Taliban offers to swap Korean hostages for fighters

The Taliban in Afghanistan today offered to swap 23 South Korean hostages for imprisoned Taliban fighters.

Taliban offers to swap Korean hostages for fighters

The Taliban in Afghanistan today offered to swap 23 South Korean hostages for imprisoned Taliban fighters.

The militant group had said yesterday that it would kill the South Koreans if Seoul did not withdraw its troops from Afghanistan. But it later changed that demand, saying the Afghan and South Korean governments had until 3.30pm Irish time today to agree to the release of 23 Taliban militants or the Korean hostages would be killed.

South Korea has about 200 troops serving with the 8,000-strong US-led coalition in Afghanistan and largely work on humanitarian projects such as medical assistance and reconstruction work.

The South Korean government informed parliament late last year that it would terminate its military mission in Afghanistan before the end of this year. Overseas troop deployments and their withdrawal need parliamentary approval.

South Korea “has already kicked off preparations as it takes about five to six months,” to bring home troops, a top Defence Ministry official told several MPs, according to Kim Sung-gon, chief of the parliamentary defence committee.

The Defence Ministry confirmed the comments, but stressed that the process had begun well before the Taliban demanded the withdrawal of South Korean troops from the war-ravaged country.

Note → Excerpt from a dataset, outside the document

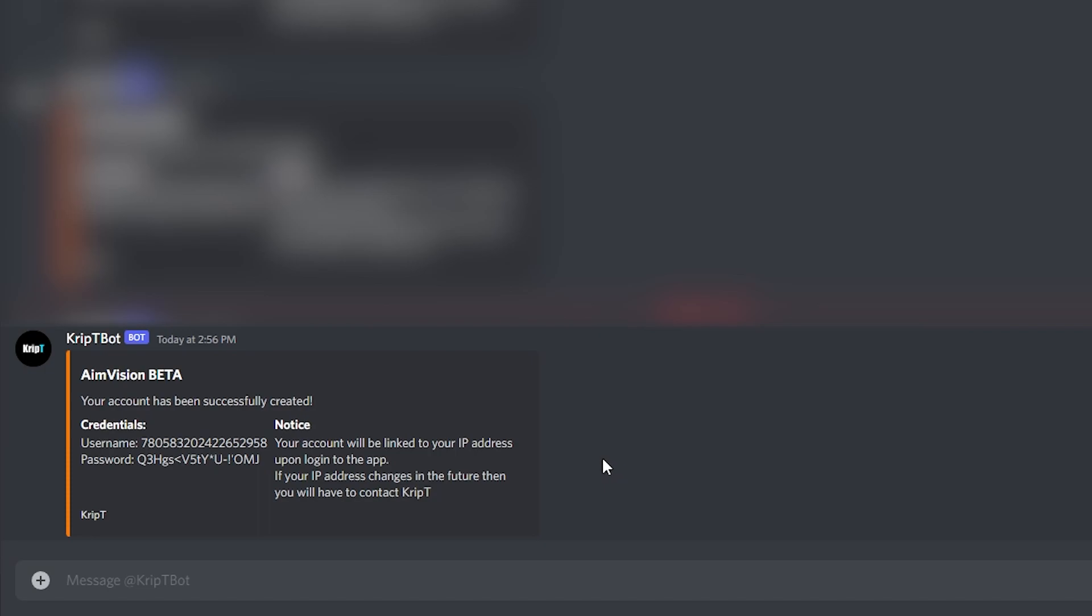And that's a password that you're going to be using throughout the entire time that you have the AimVision beta. Of course, after some time, you'll be able to change your username and your password. But currently, that's what the username and password is what you're given. There's no way of changing it.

“The process is under way but it wasn’t moved forward due to this issue,” a ministry official said.

South Korean troops run a hospital for Afghan civilians at the US base at Bagram, and the facility has treated over 240,000 patients. The kidnapped civilians are not affiliated with the military.

However, relatives of the kidnap victims urged the government to immediately move forwards its plan, noting Seoul had already decided to bring its soldiers home by end of this year.

The South Koreans were kidnapped on Thursday as they travelled in a privately rented bus on the main road from Kabul to the southern city of Kandahar. It is the largest-scale abduction of foreigners since the fall of the Taliban regime in 2001.